From: Eryu Guan <guaneryu@gmail.com>
To: "Darrick J. Wong" <darrick.wong@oracle.com>, bfoster@redhat.com
Cc: linux-xfs@vger.kernel.org, fstests@vger.kernel.org
Subject: Re: [PATCH 1/1] xfs: check for COW overflows in i_delayed_blks
Date: Tue, 25 Jun 2019 10:53:51 +0800 [thread overview]
Message-ID: <20190625025351.GP15846@desktop> (raw)
In-Reply-To: <156089205776.347309.3970978868590991055.stgit@magnolia>
On Tue, Jun 18, 2019 at 02:07:37PM -0700, Darrick J. Wong wrote:
> From: Darrick J. Wong <darrick.wong@oracle.com>
>
> With the new copy on write functionality it's possible to reserve so
> much COW space for a file that we end up overflowing i_delayed_blks.
> The only user-visible effect of this is to cause totally wrong i_blocks
> output in stat, so check for that.
>
> Signed-off-by: Darrick J. Wong <darrick.wong@oracle.com>
Test looks fine to me and it runs well too.

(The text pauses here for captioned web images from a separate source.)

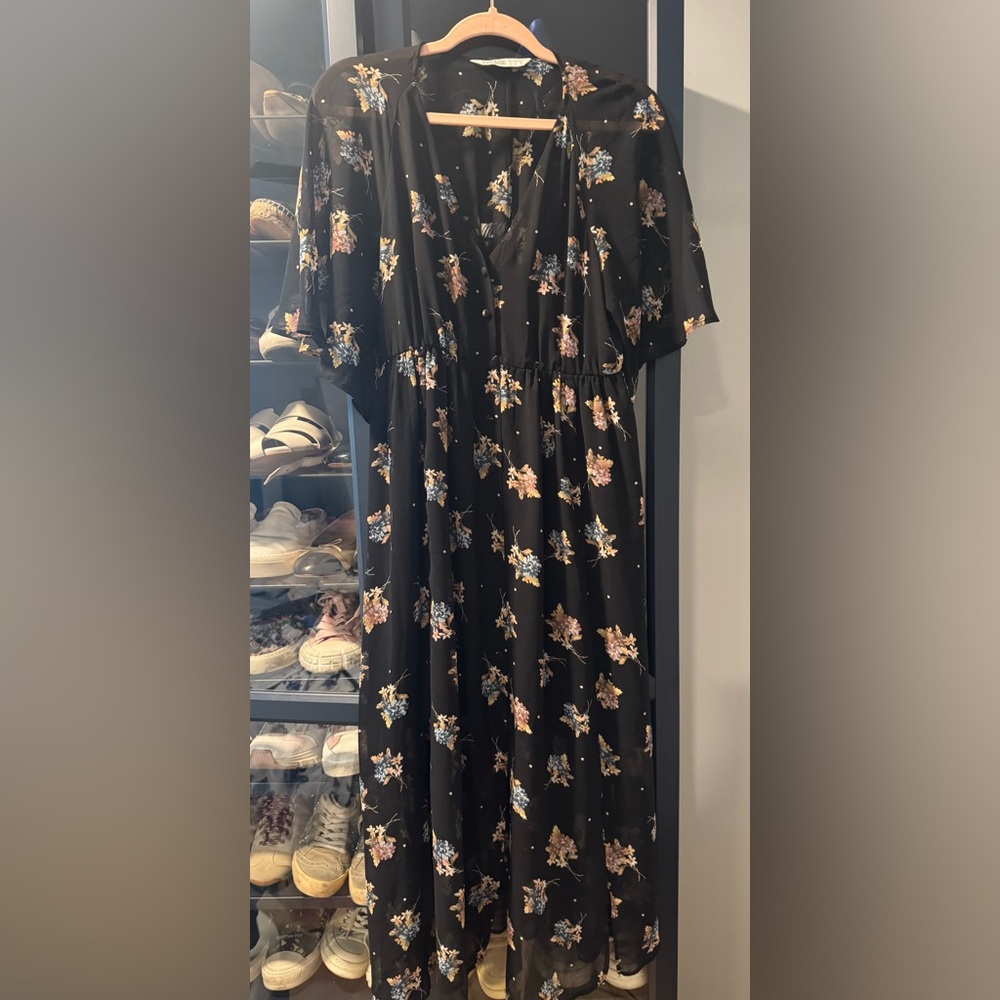 Zara Black Dress with Gold Floral Design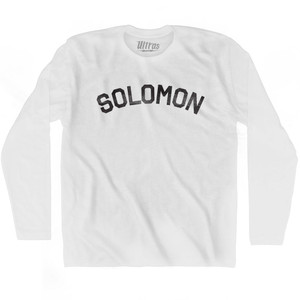 Solomon Adult Cotton Long Sleeve T-shirt - White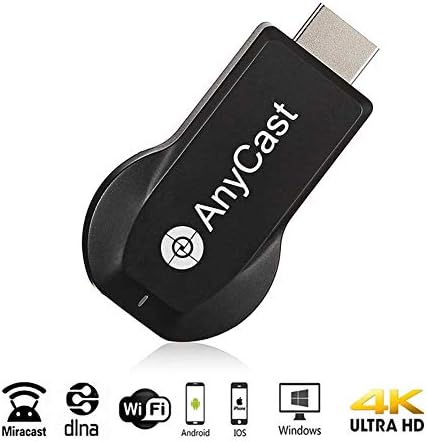 MiraScreen Anycast M100 5G HDMI Dongle 4K Wireless WiFi Display Receiver Casting iOS Mac OS Android Windows to TV/Projector/Display, Dual Core H.265, Dual Band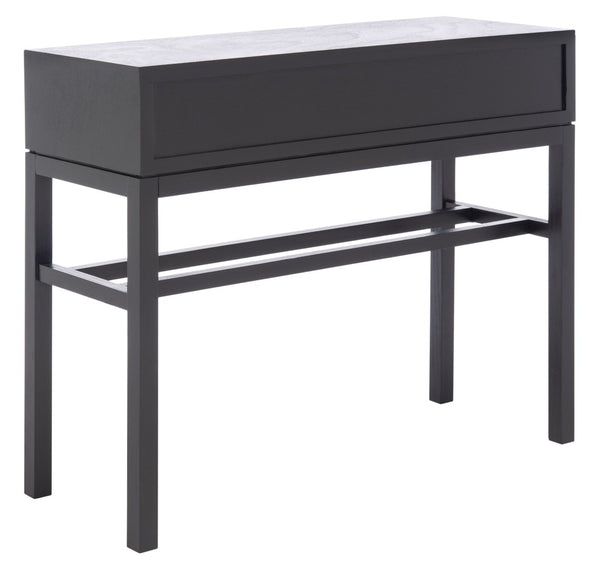 Safavieh Ajana Console Table - Modern Minimalist Design With Herringbone Drawers For Chic Entryway Storage Black W/ Greige Drawer CNS5709B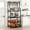 Rustic Black, variant on FOLDLIFE Baker Racks Kitchen with Open Storage Shelves and 2 Large Wire Basket,5-Tier Kitchen Microwave Baker Rack with Adjustable Feet and Anti-Tip Kit,Microwave Oven Stand,Rustic Grey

Brian, really appreciate if you could help review this new version again
as well!
Thanks,
Eryu
> ---
> tests/xfs/907 | 199 +++++++++++++++++++++++++++++++++++++++++++++++++++++
> tests/xfs/907.out | 8 ++
> tests/xfs/group | 1
> 3 files changed, 208 insertions(+)
> create mode 100755 tests/xfs/907
> create mode 100644 tests/xfs/907.out
>
>
> diff --git a/tests/xfs/907 b/tests/xfs/907
> new file mode 100755
> index 00000000..92cd0399
> --- /dev/null
> +++ b/tests/xfs/907
> @@ -0,0 +1,199 @@
> +#! /bin/bash
> +# SPDX-License-Identifier: GPL-2.0+
> +# Copyright (c) 2019 Oracle, Inc. All Rights Reserved.
> +#
> +# FS QA Test No. 907
> +#
> +# Try to overflow i_delayed_blks by setting the largest cowextsize hint
> +# possible, creating a sparse file with a single byte every cowextsize bytes,
> +# reflinking it, and retouching every written byte to see if we can create
> +# enough speculative COW reservations to overflow i_delayed_blks.
> +#
> +seq=`basename $0`
> +seqres=$RESULT_DIR/$seq
> +echo "QA output created by $seq"
> +
> +here=`pwd`
> +tmp=/tmp/$$
> +status=1 # failure is the default!
> +trap "_cleanup; exit \$status" 0 1 2 3 7 15
> +
> +_cleanup()
> +{
> + cd /
> + test -n "$loop_mount" && $UMOUNT_PROG $loop_mount > /dev/null 2>&1
> + test -n "$loop_dev" && _destroy_loop_device $loop_dev
> + rm -rf $tmp.*
> +}
> +
> +# get standard environment, filters and checks
> +. ./common/rc
> +. ./common/reflink
> +. ./common/filter
> +
> +# real QA test starts here
> +_supported_os Linux
> +_supported_fs xfs
> +_require_scratch_reflink
> +_require_cp_reflink
> +_require_loop
> +_require_xfs_debug # needed for xfs_bmap -c
> +
> +MAXEXTLEN=2097151 # cowextsize can't be more than MAXEXTLEN
> +
> +echo "Format and mount"
> +_scratch_mkfs > "$seqres.full" 2>&1
> +_scratch_mount
> +
> +# Create a huge sparse filesystem on the scratch device because that's what
> +# we're going to need to guarantee that we have enough blocks to overflow in
> +# the first place. We need to have at least enough free space on that huge fs
> +# to handle one written block every MAXEXTLEN blocks and to reserve 2^32 blocks
> +# in the COW fork. There needs to be sufficient space in the scratch
> +# filesystem to handle a 256M log, all the per-AG metadata, and all the data
> +# written to the test file.
> +#
> +# Worst case, a 64k-block fs needs to be about 300TB. Best case, a 1k block
> +# filesystem needs ~5TB. For the most common 4k case we only need a ~20TB fs.
> +#
> +# In practice, the author observed that the space required on the scratch fs
> +# never exceeded ~800M even for a 300T 6k-block filesystem, so we'll just ask
> +# for about 1.2GB.
> +blksz=$(_get_file_block_size "$SCRATCH_MNT")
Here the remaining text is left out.